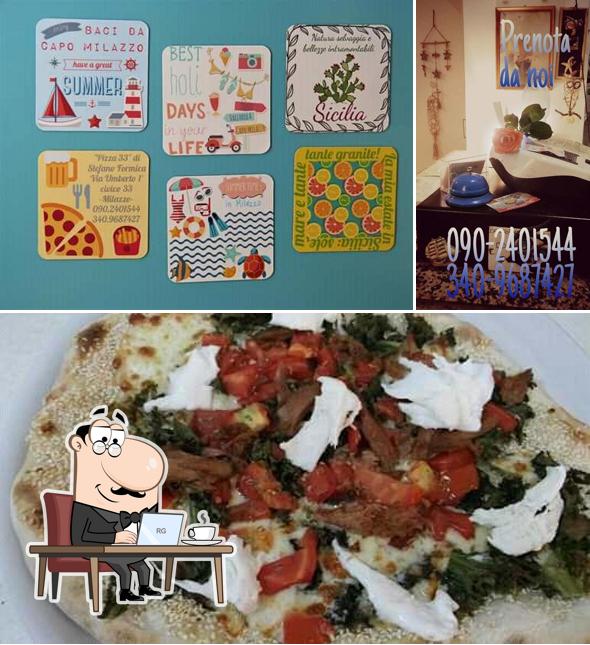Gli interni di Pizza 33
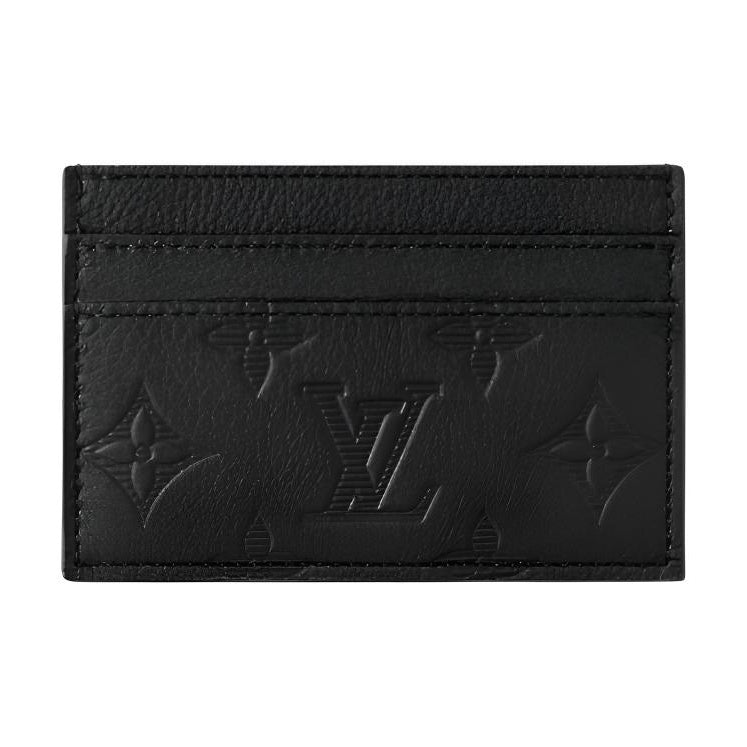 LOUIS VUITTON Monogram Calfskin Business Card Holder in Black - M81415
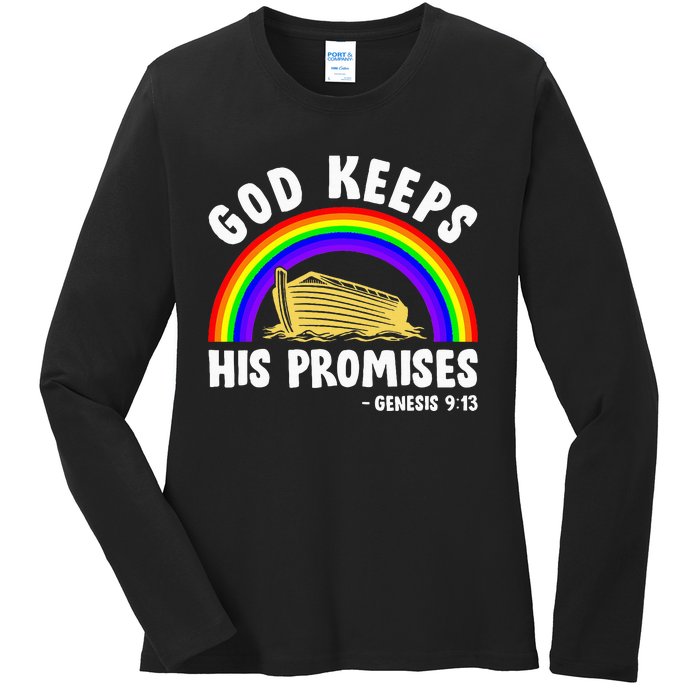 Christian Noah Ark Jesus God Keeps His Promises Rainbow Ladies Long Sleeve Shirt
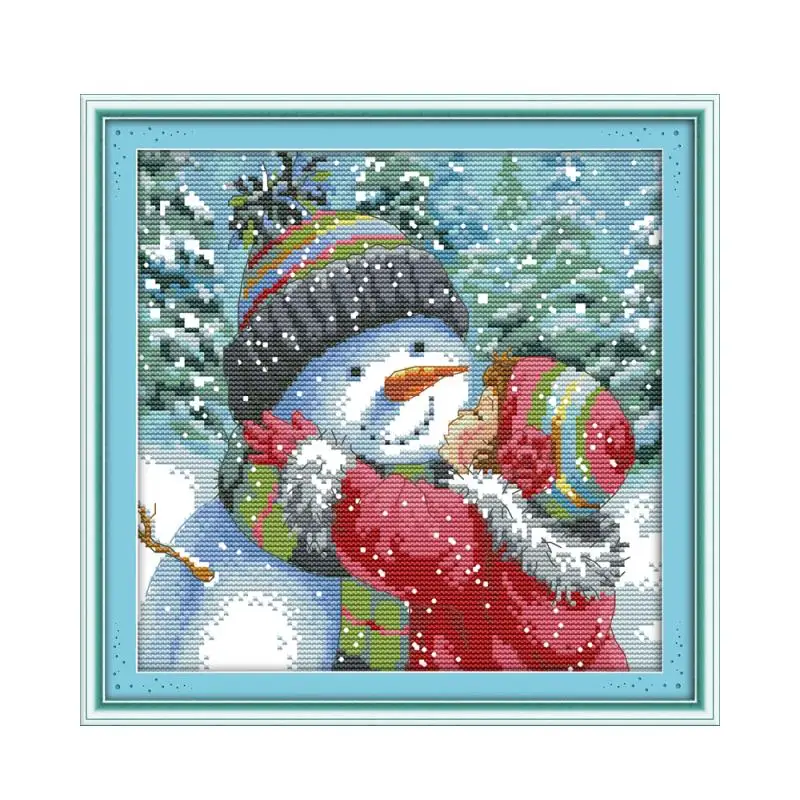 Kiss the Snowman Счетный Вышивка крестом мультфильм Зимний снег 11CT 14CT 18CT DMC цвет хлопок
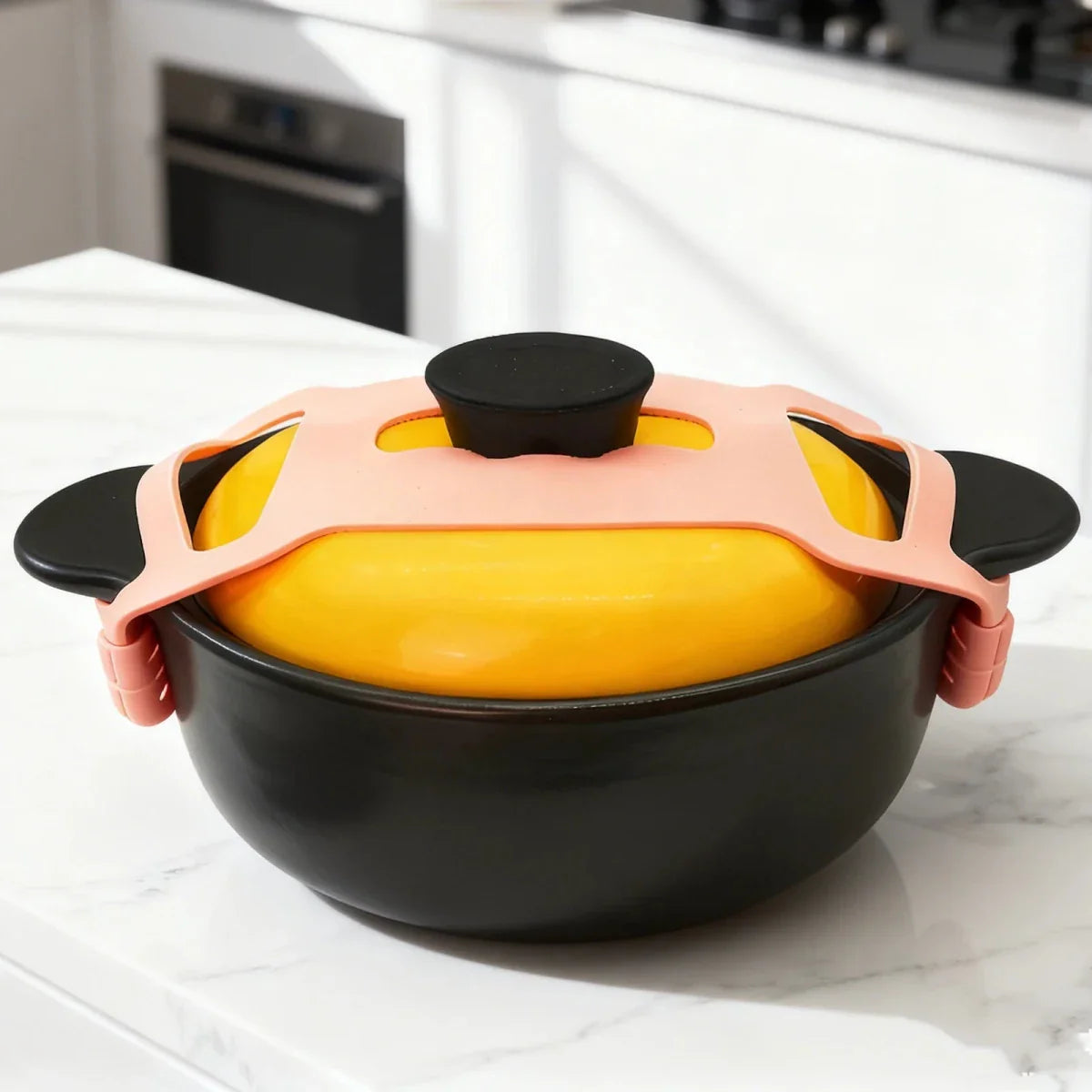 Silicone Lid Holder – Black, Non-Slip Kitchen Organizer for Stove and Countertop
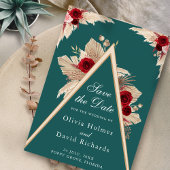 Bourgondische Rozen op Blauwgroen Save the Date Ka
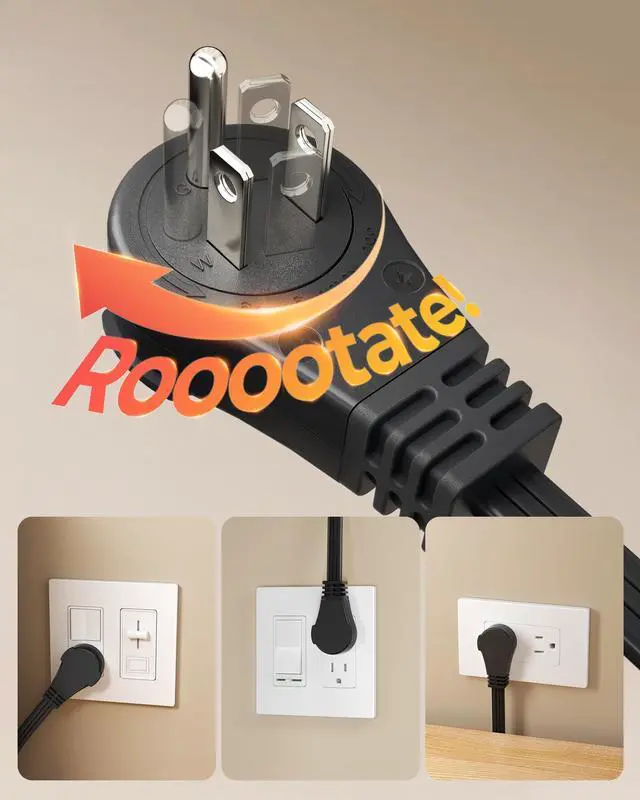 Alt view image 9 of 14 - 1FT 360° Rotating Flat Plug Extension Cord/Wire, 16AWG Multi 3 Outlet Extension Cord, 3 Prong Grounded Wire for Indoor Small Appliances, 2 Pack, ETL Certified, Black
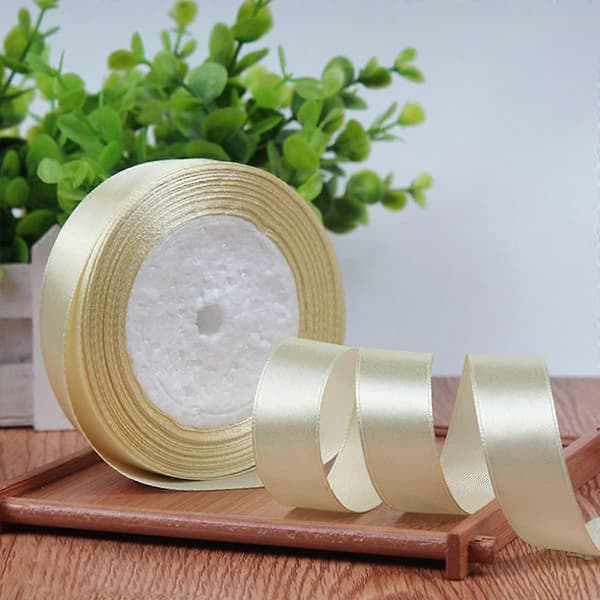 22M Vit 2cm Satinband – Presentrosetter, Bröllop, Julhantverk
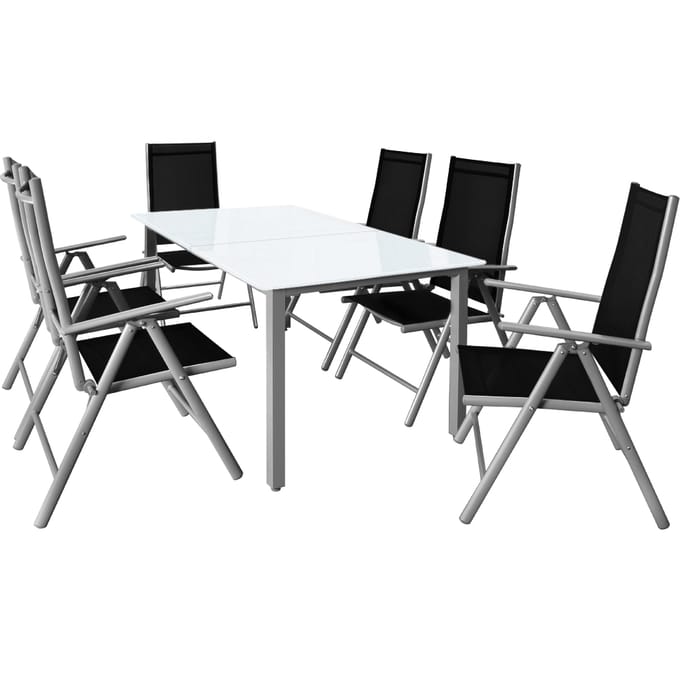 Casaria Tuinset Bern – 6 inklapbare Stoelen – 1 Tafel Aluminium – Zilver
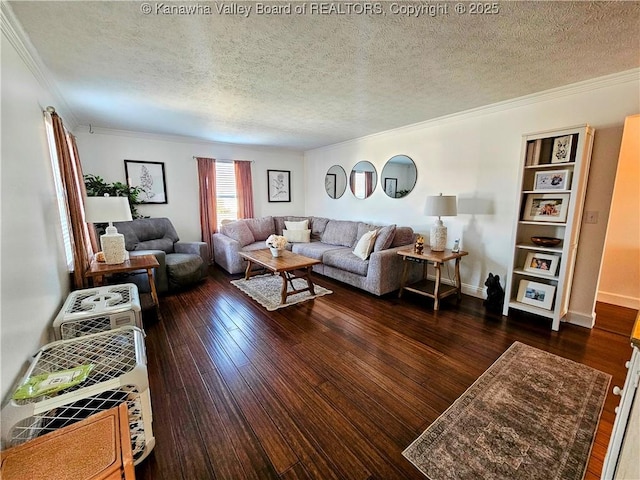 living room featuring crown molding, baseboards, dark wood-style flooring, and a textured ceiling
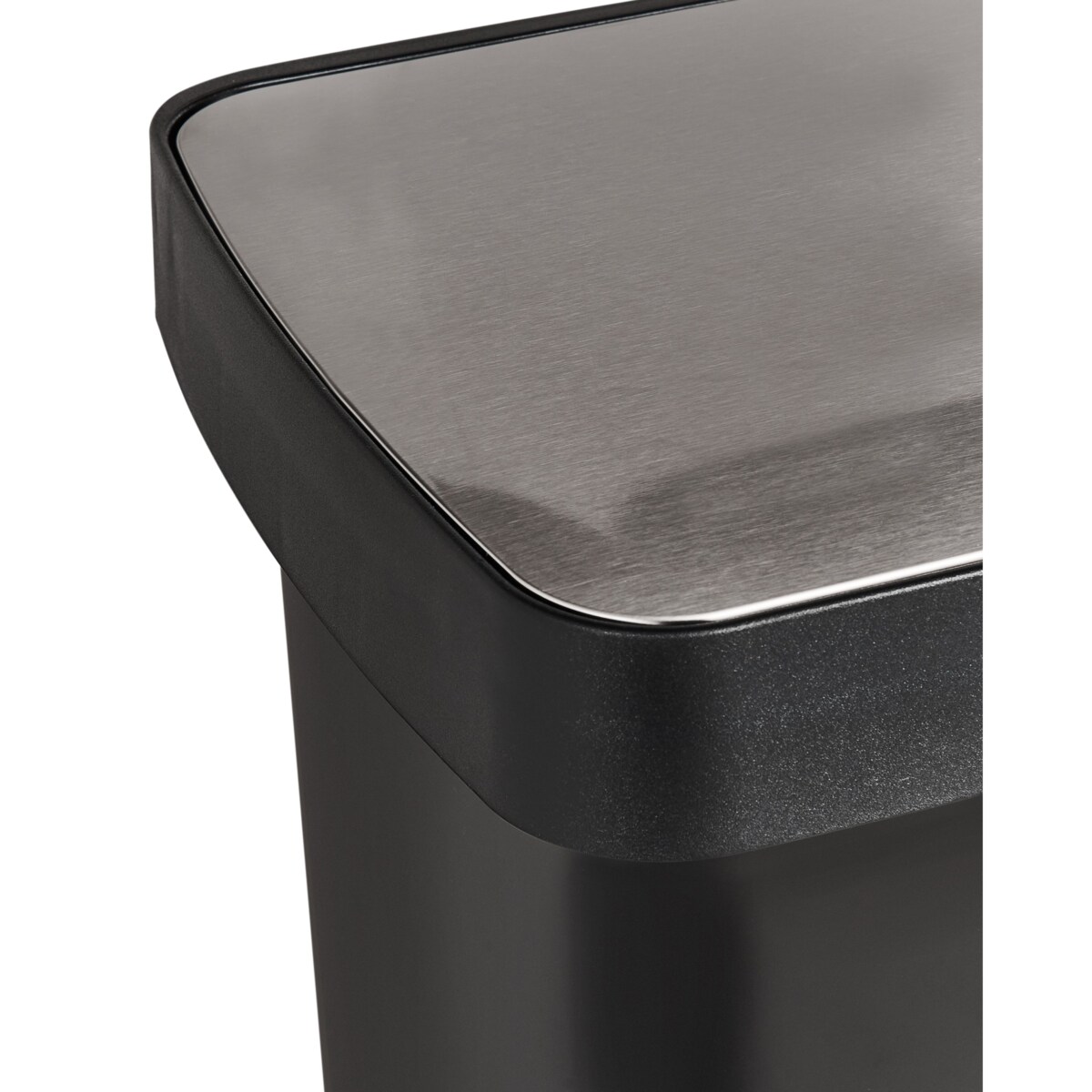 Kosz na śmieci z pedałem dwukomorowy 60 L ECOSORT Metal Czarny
....
Output exactly the lines of the listing above that start with the one holding "Christian Noah Ark" and go on through the one holding "22M Vit 2cm"; leave the pictures out.

 Christian Noah Ark Jesus God Keeps His Promises Rainbow Ladies Long Sleeve Shirt
 Kiss the Snowman Счетный Вышивка крестом мультфильм Зимний снег 11CT 14CT 18CT DMC цвет хлопок
 Silicone Lid Holder – Black, Non-Slip Kitchen Organizer for Stove and Countertop
 Bourgondische Rozen op Blauwgroen Save the Date Ka
 Alt view image 9 of 14 - 1FT 360° Rotating Flat Plug Extension Cord/Wire, 16AWG Multi 3 Outlet Extension Cord, 3 Prong Grounded Wire for Indoor Small Appliances, 2 Pack, ETL Certified, Black
 22M Vit 2cm Satinband – Presentrosetter, Bröllop, Julhantverk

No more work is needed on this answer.